* _Task instructions_: From the line containing "1470 N Treasure" down to the last line of the listing, quote everything word for word, and nothing else, keeping pictures out.

* _Exercise inputs_:
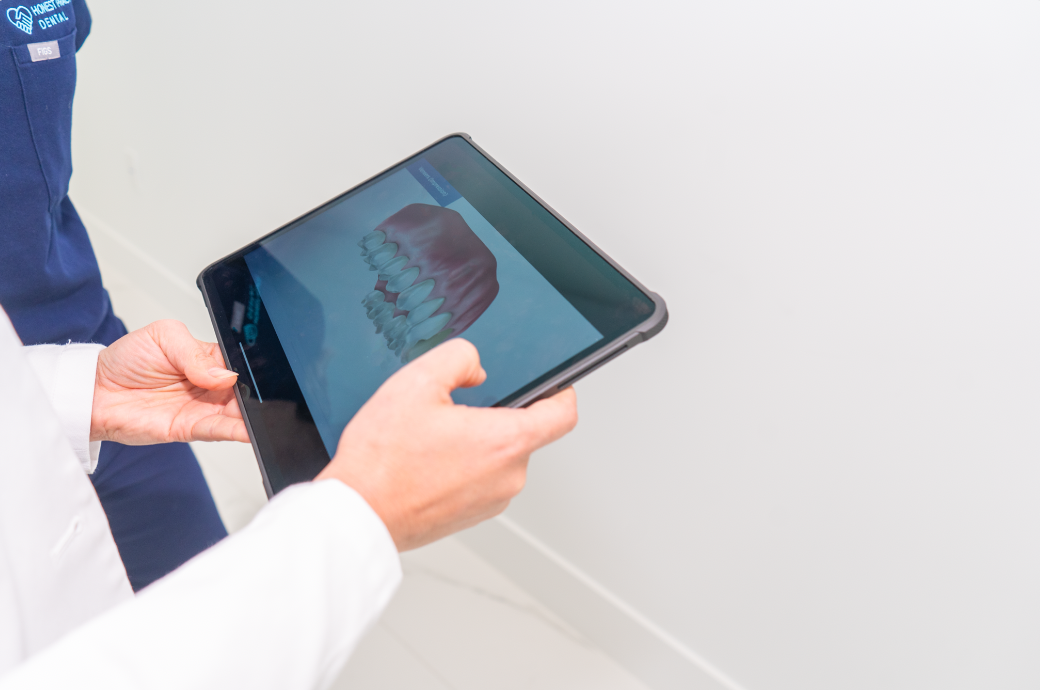 How to Find an Honest Dentist in Delray Beach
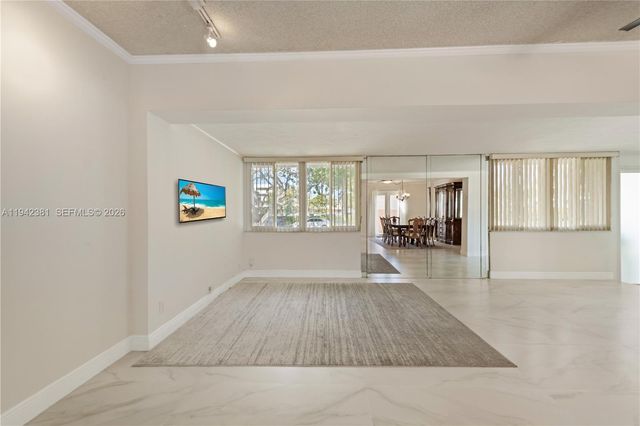 1470 N Treasure Dr, North Bay Village, FL 33141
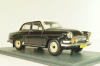 Газ-21 Волга, 1964г., VVM053, VVM (NEO) 1:43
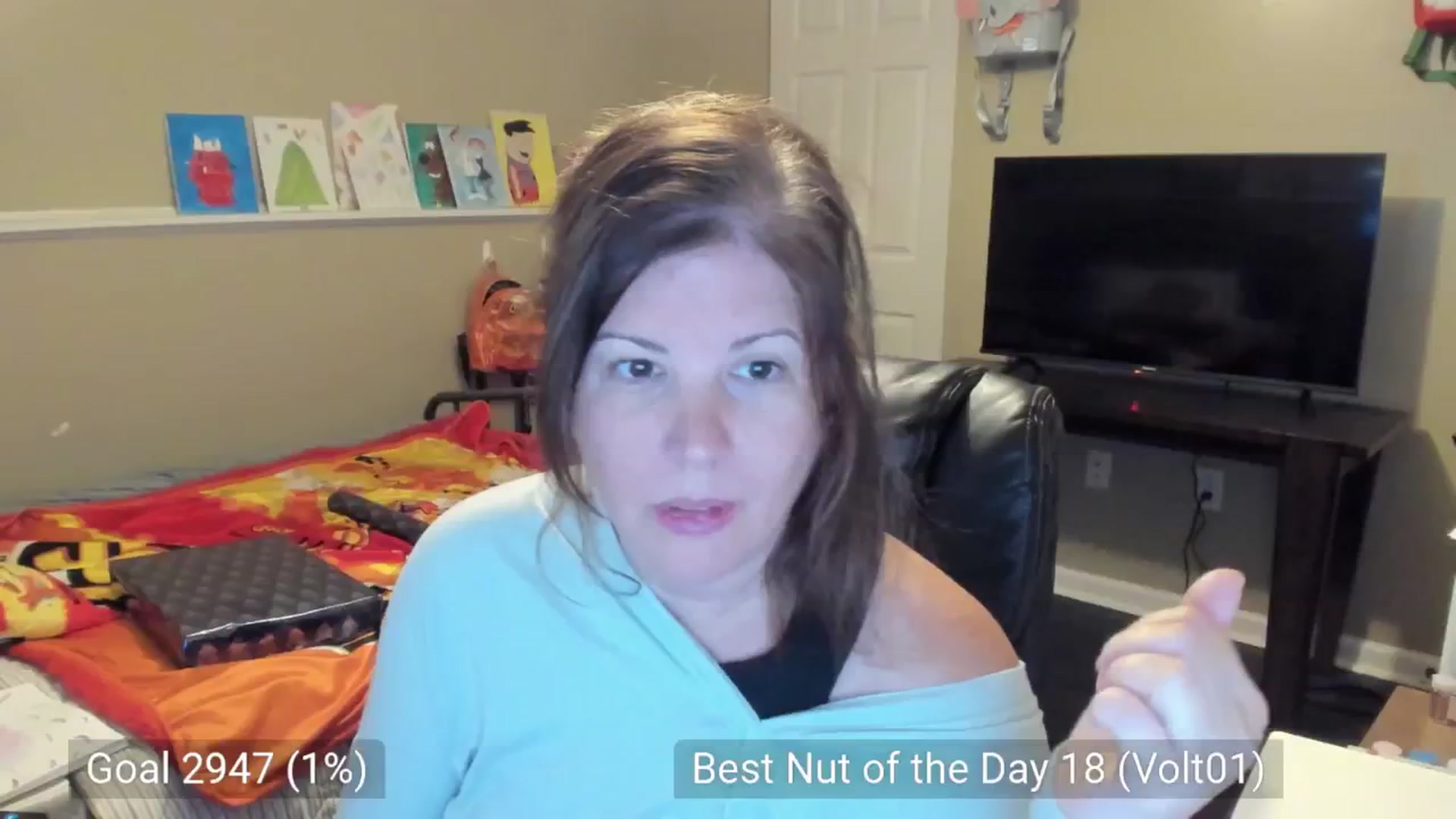 Gallery image thumbnail from Samtastic_'s myfreecams stream on, 11/17/2024, 23:49 image 11 of 20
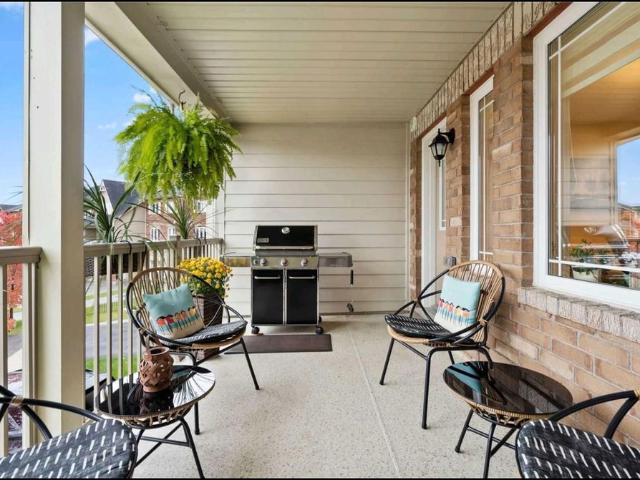 For Lease 1299 Coleman Crescent, Innisfil, Ontario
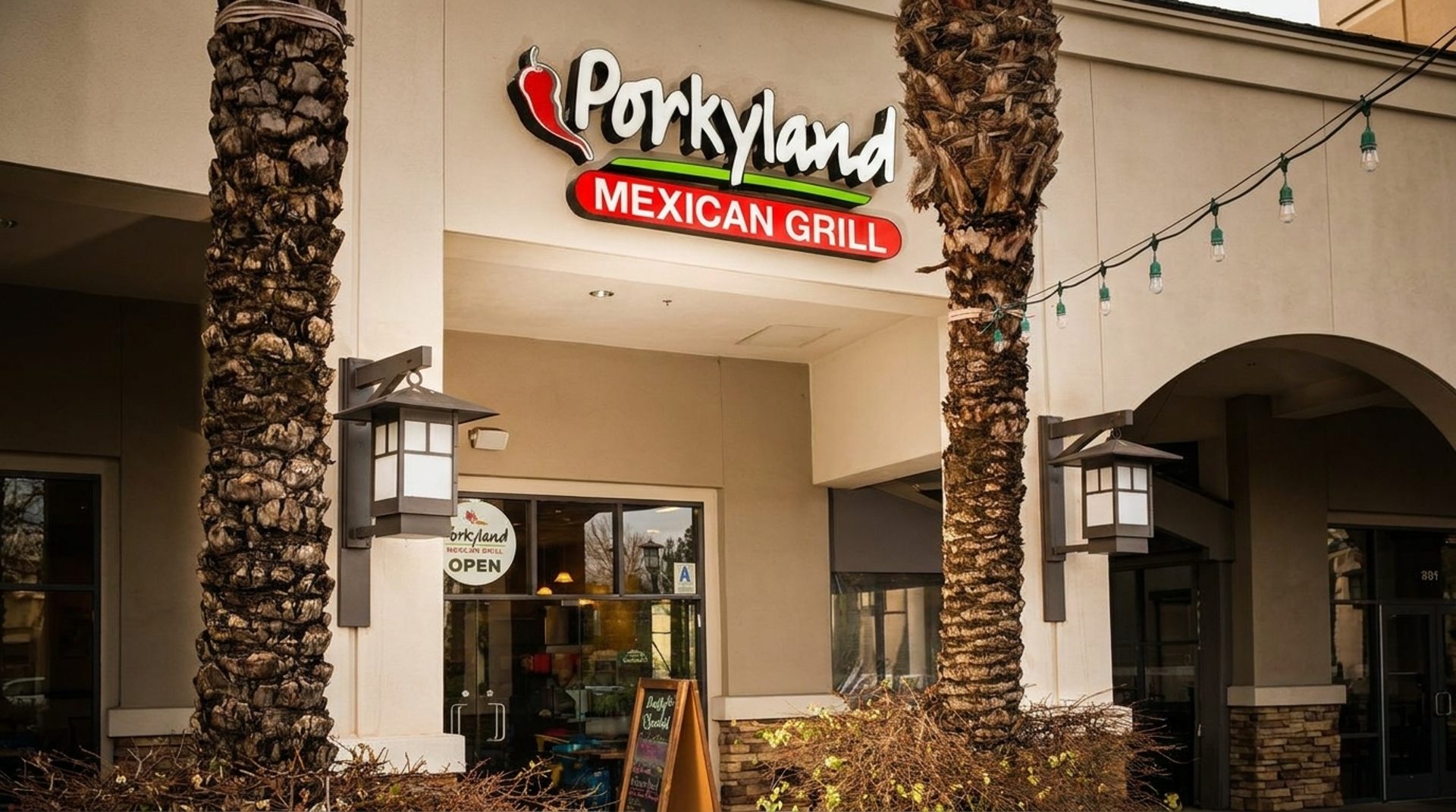 Visit Us at Torrey Hills Location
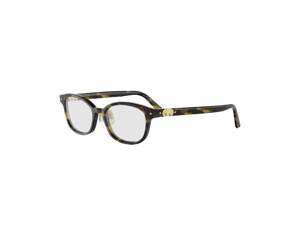 Dior CD50141F 052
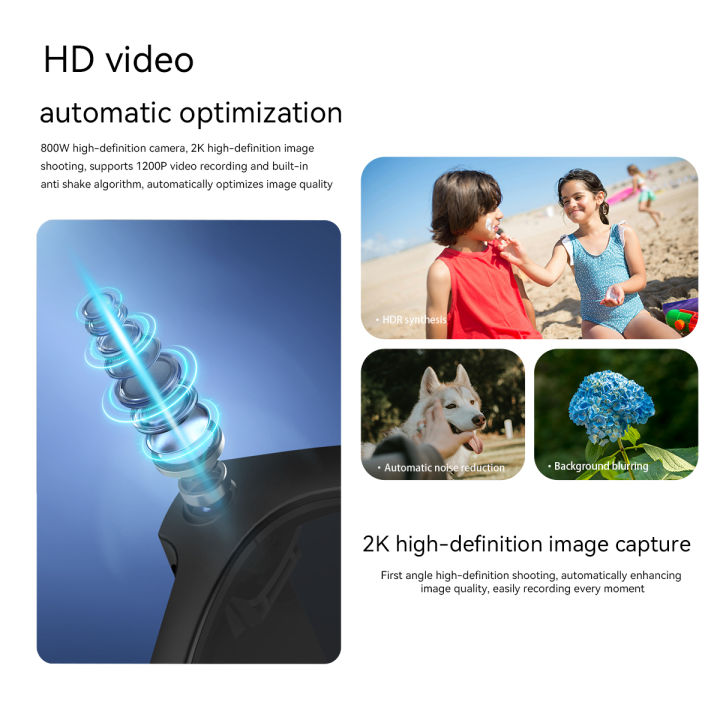 Blackview%20BV100%20%7C%20Smart%20Glasses%20%7C%20Built%20in%20AI%20Camera%20%7C%20Camera%20Sunglasses%20%7C%20Sunglasses%20with%20built%20in%208MP%20Camera%20with%20crystal%20clear%20Photos%20and%20Videos%20-%20Image%203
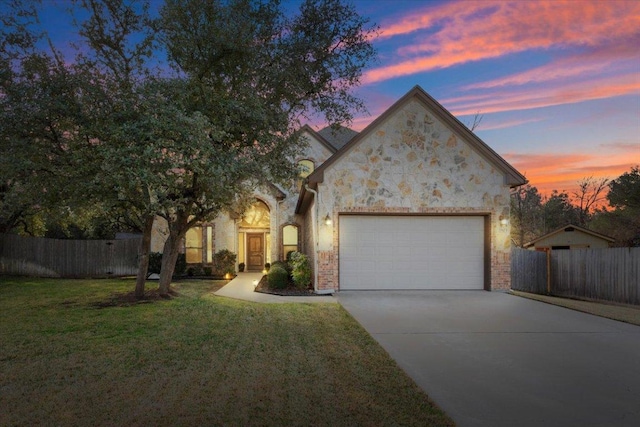 1803 Tejon Ct, Belton, TX 76513 - photo 1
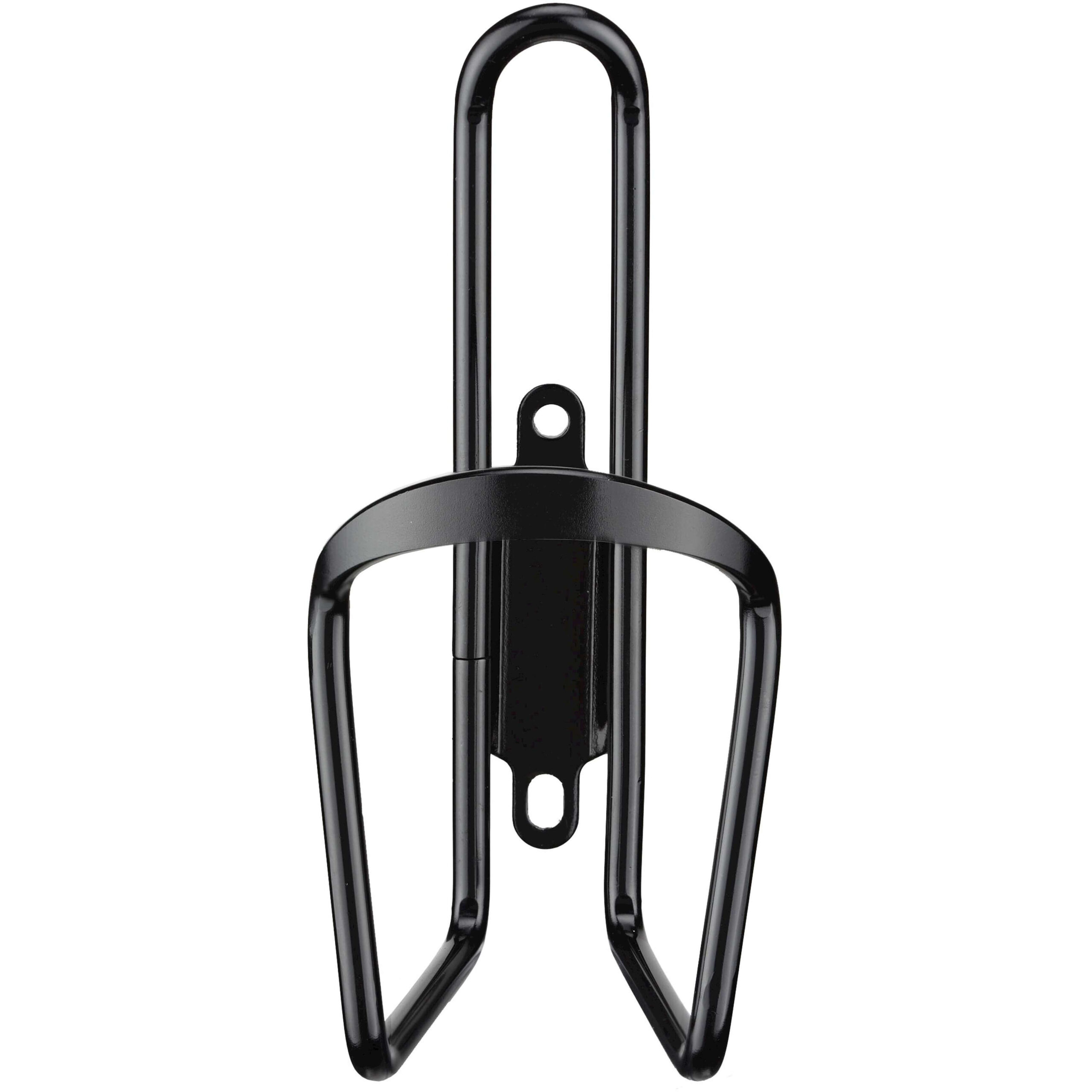 Union Bottle Cage WBC-10 Black On Card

* _Solution to the problem_:
 1470 N Treasure Dr, North Bay Village, FL 33141
 Газ-21 Волга, 1964г., VVM053, VVM (NEO) 1:43
 Gallery image thumbnail from Samtastic_'s myfreecams stream on, 11/17/2024, 23:49 image 11 of 20
 For Lease 1299 Coleman Crescent, Innisfil, Ontario
 Visit Us at Torrey Hills Location
 Dior CD50141F 052
 Blackview%20BV100%20%7C%20Smart%20Glasses%20%7C%20Built%20in%20AI%20Camera%20%7C%20Camera%20Sunglasses%20%7C%20Sunglasses%20with%20built%20in%208MP%20Camera%20with%20crystal%20clear%20Photos%20and%20Videos%20-%20Image%203
 1803 Tejon Ct, Belton, TX 76513 - photo 1
 Union Bottle Cage WBC-10 Black On Card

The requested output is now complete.